**Data for this task**
=======
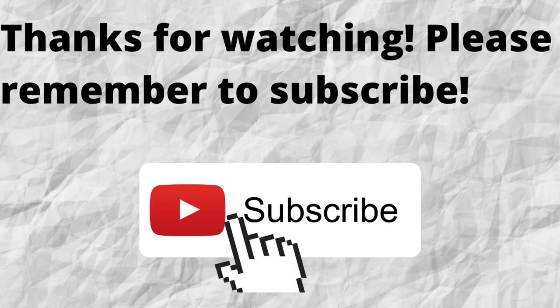As always, I want to thank you for watching. I want to thank you for listening. I hope that you have a blessed, wonderful day. Thank you! Bye-bye!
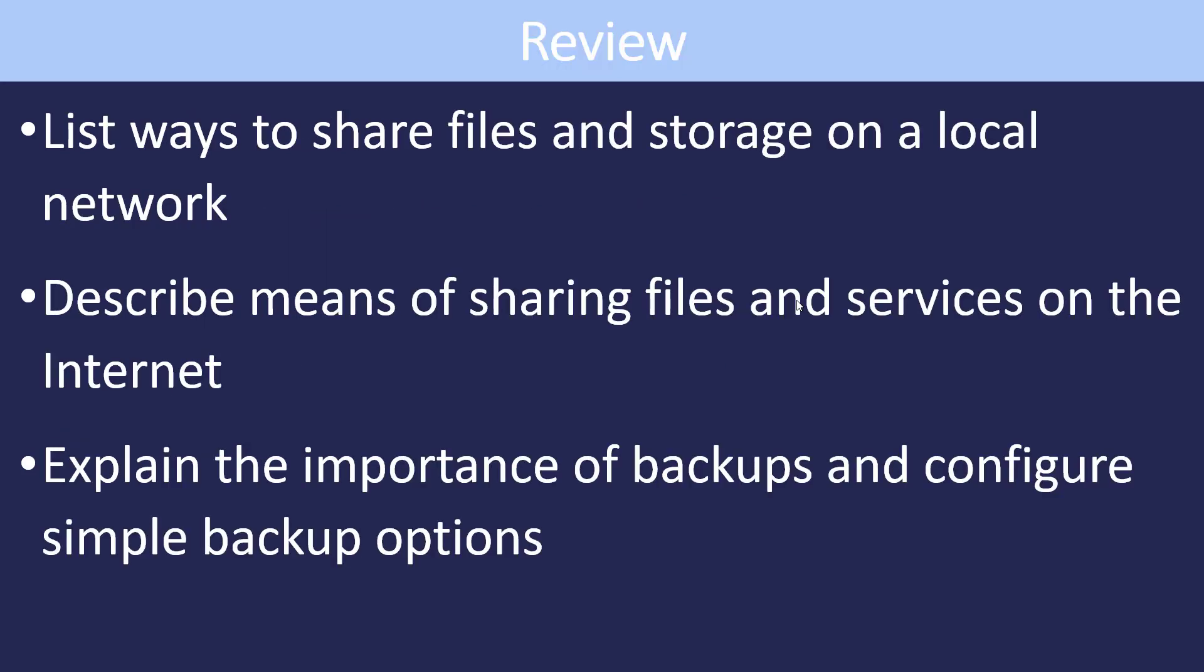So in this lesson, we looked at ways to share files and storage. We looked at the different means of sharing files, most locally and on the internet. And we explored the importance of backups and how to configure some basic backup options.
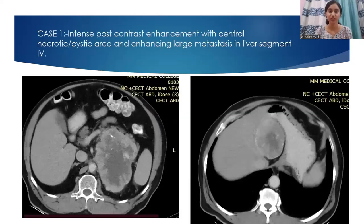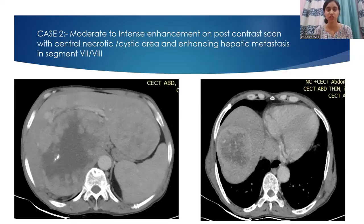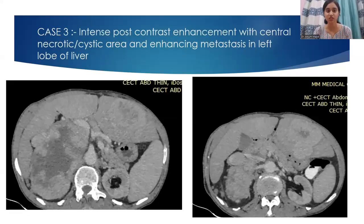Case 1 shows intense post-contrast enhancement with central necrotic cystic areas and enhancing large metastasis in liver segment 4. Case 2 shows moderate to intense enhancement on post-contrast scan with central necrotic cystic areas and enhancing hepatic metastasis in segments 7 and 8. Case 3 shows intense post-contrast enhancement with central necrotic cystic areas and enhancing metastasis in the left lobe of the liver.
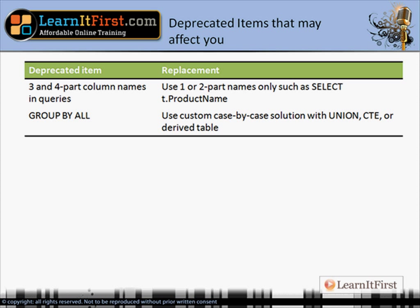Three and four part column names in queries are gone — use one or two part names. For example, SELECT t.ProductName uses a two part name: the table alias t and the column name. Don't put database name dot schema dot object as a column reference in a query. Finally, GROUP BY ALL is going away. I used to do some fun examples with that, but it's gone.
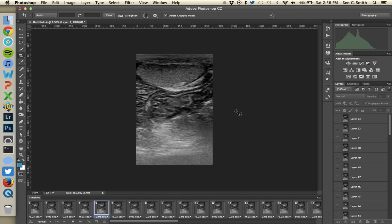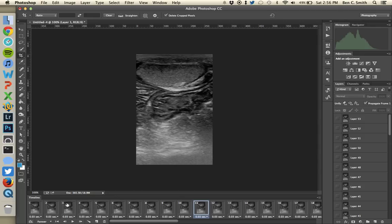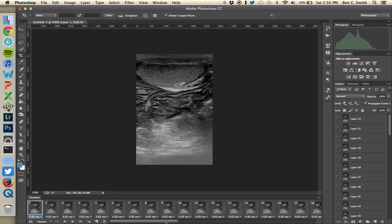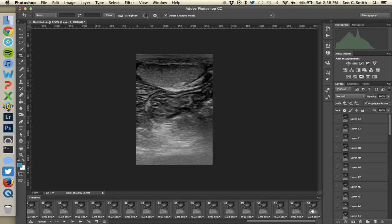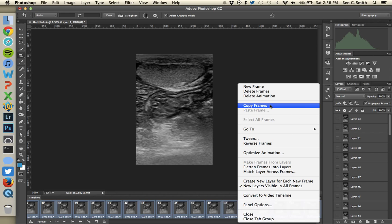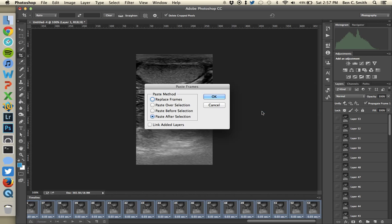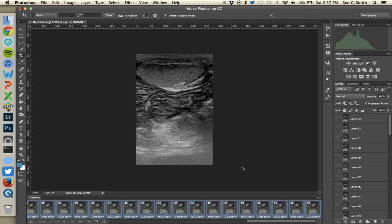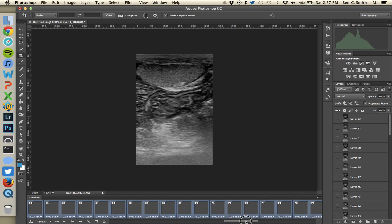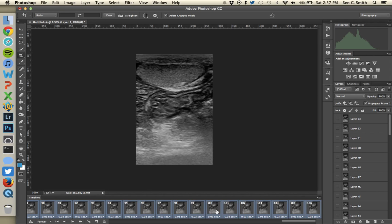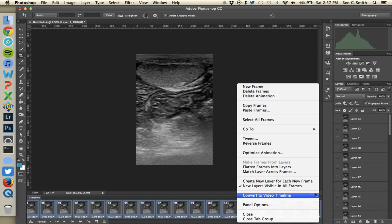To eliminate the jump, select all frames — click the first frame, then shift-click the last frame. From the fly-out menu, choose Copy Frames. Then open the fly-out menu again and choose Paste Frames. Make sure 'Paste After Selection' is selected, then click OK. Now you have the same frames duplicated at the end. With those end frames still selected, open the fly-out menu one last time and choose Reverse Frames.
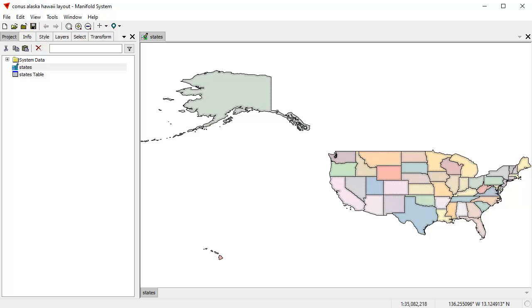Hi, everybody. Welcome to the Manifold Channel. Today we're going to create a layout that shows the United States, Alaska, and Hawaii all close together in the layout. And that's a common task in GIS, at least in the United States.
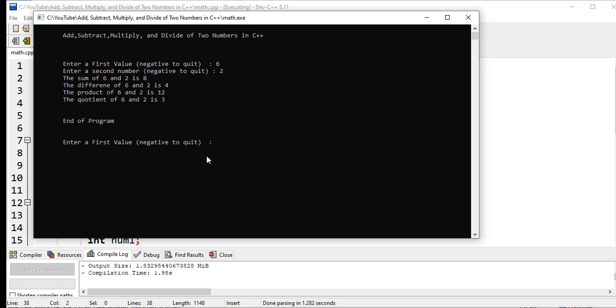Enter first value, let's say we have 100, and then the second value we will put negative number, negative 6.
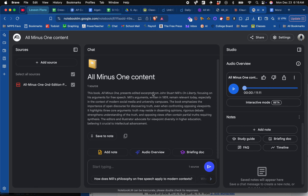I've had it generate a podcast about this content, and while that is interesting in and of itself, I also want to show you this interactive mode, which is in beta, and which I think is even more interesting.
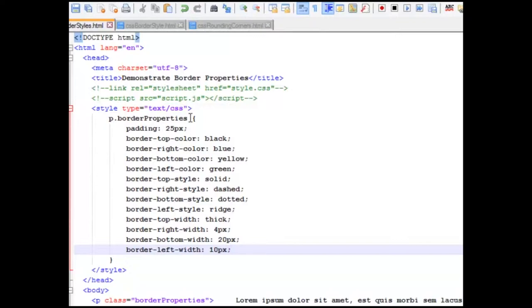We're going to give them different styles. We're going to go solid for the top, dashed for the right, dotted for the bottom, and a ridge on the left.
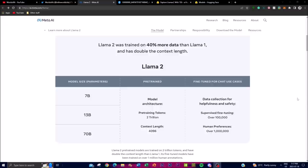One of the most notable improvements in LLaMA 2 is the expansion of context length. In LLaMA 1 there was a huge debate around context length, but in LLaMA 2 the pre-trained models have been able to double the context length, meaning the model can take into account a much larger portion of input text and output way more. This extended context enables the model to better capture long-range dependencies and contextualize language, leading to more accurate and coherent responses during conversations.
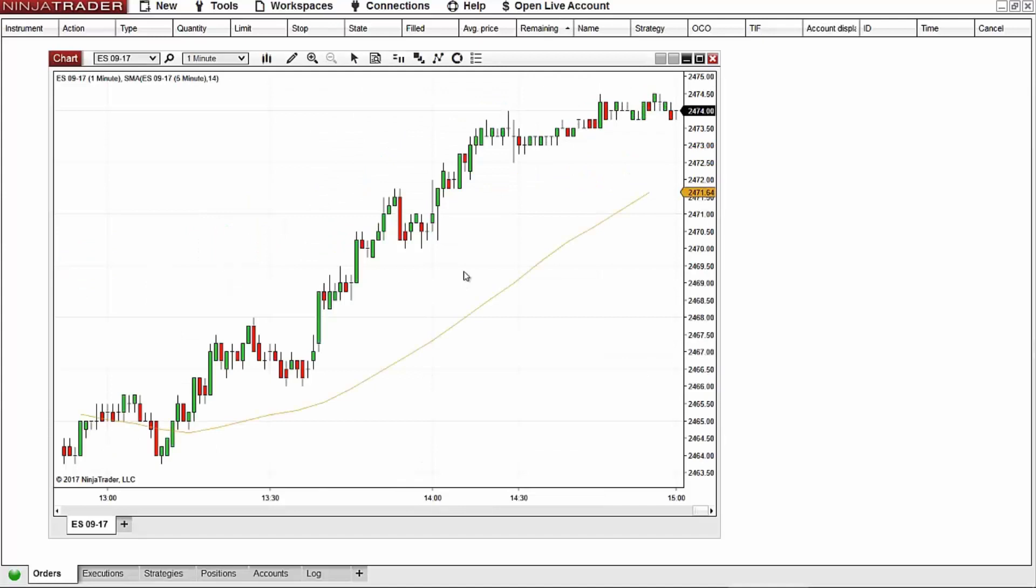After clicking okay, I now have a chart with a one minute data series in view, with an SMA indicator being calculated from a hidden data series.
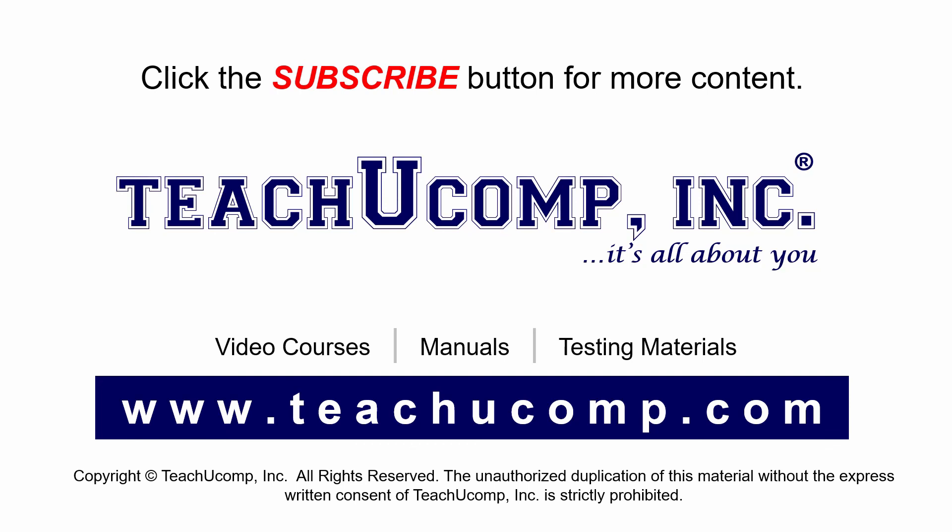Remember to click the Subscribe button to see more of our videos. Get ad-free courses at teachucomp.com.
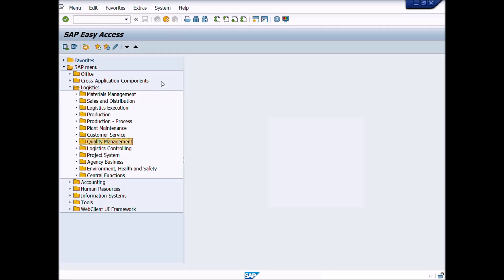This is Lecture Number 14. We will learn in this lecture how to remove old inspection plan and reassign updated inspection plan with the inspection lot.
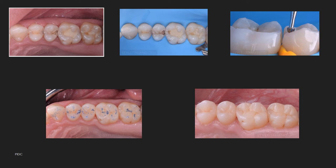Next, isolation: after the occlusion check, rubber dam isolation is done. This provides a better view and access for the preparation while maintaining a contamination-free environment. Once isolation is complete, you can move on to tooth preparation.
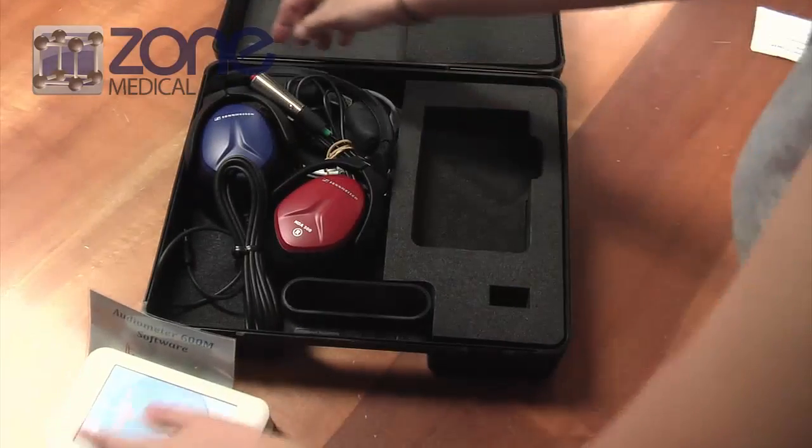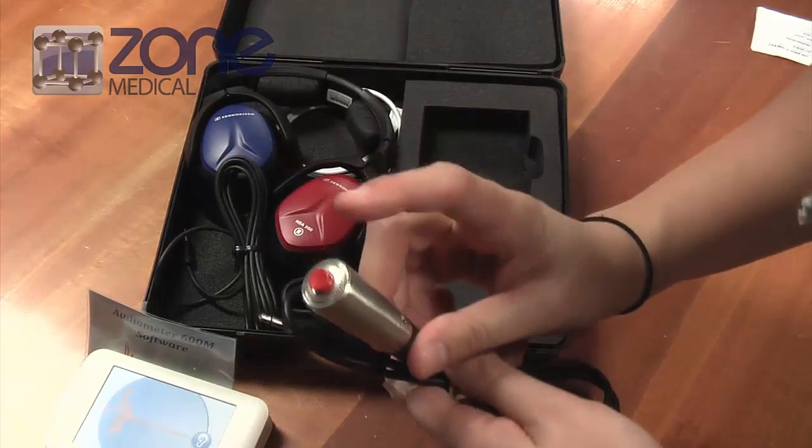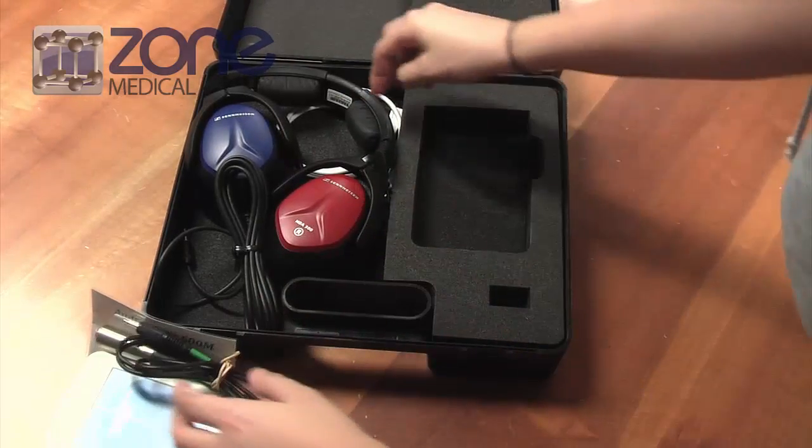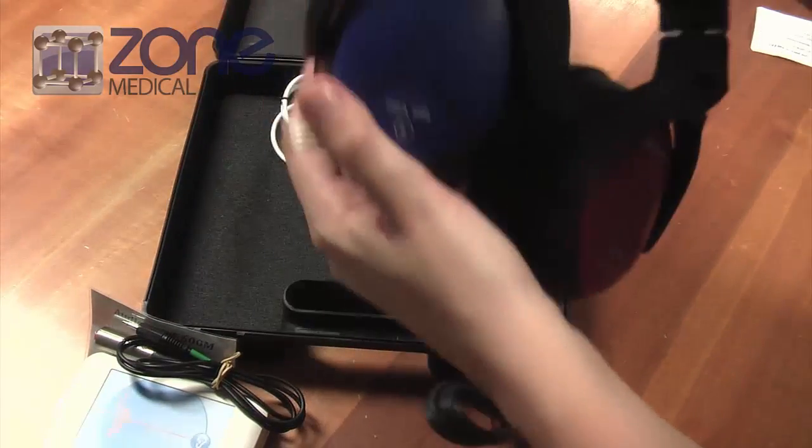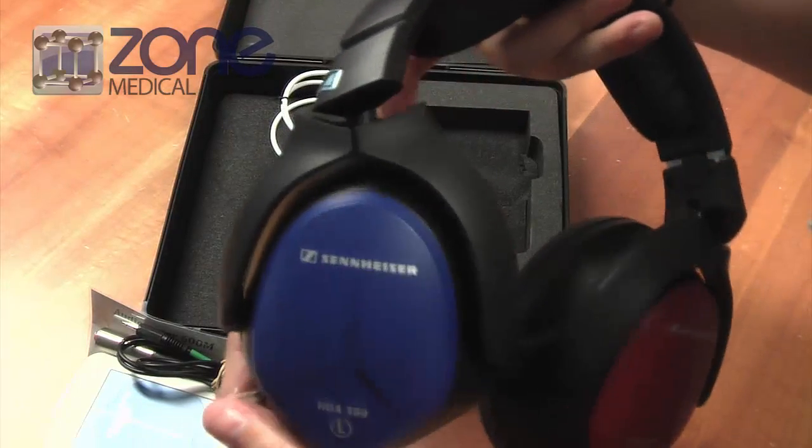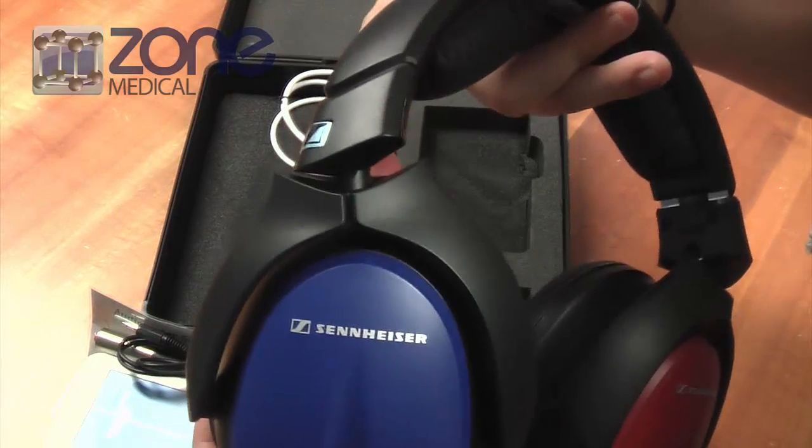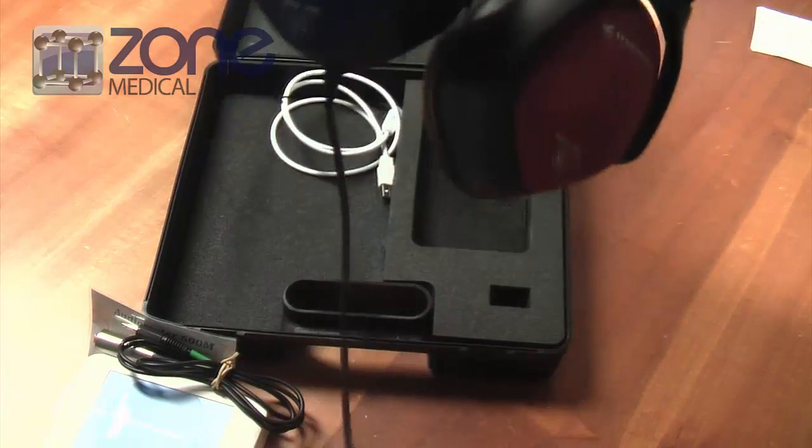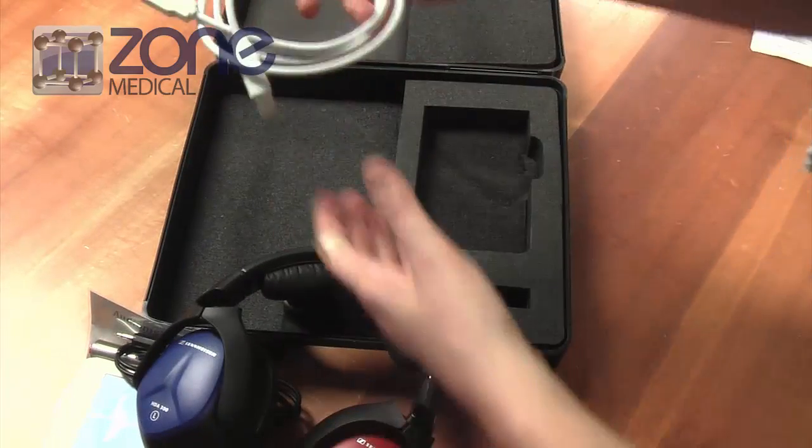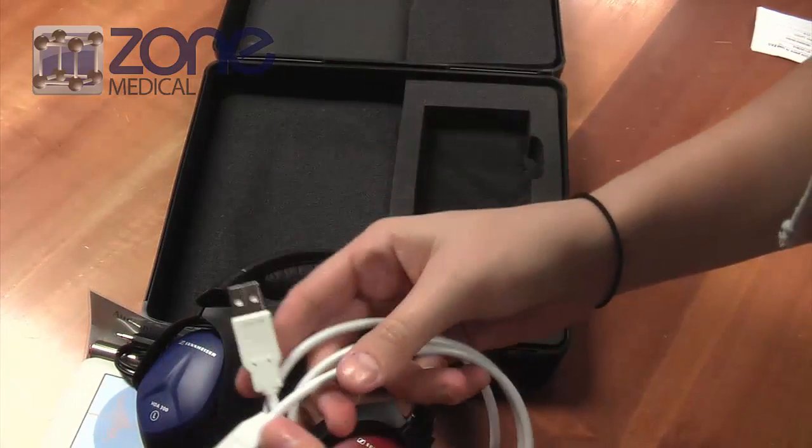You'll also find the response switch for the patient to use, the new and improved Sennheiser headphones which are top of the range for audiometers, and the USB cable.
=======
**Problem details**
Here the job is to copy the stretch of records from the line containing "After clicking okay, I" through the line containing "Remember to click", word for word. Leave every picture out.

**Solved exercise**
After clicking okay, I now have a chart with a one minute data series in view, with an SMA indicator being calculated from a hidden data series.
Remember to click the Subscribe button to see more of our videos. Get ad-free courses at teachucomp.com.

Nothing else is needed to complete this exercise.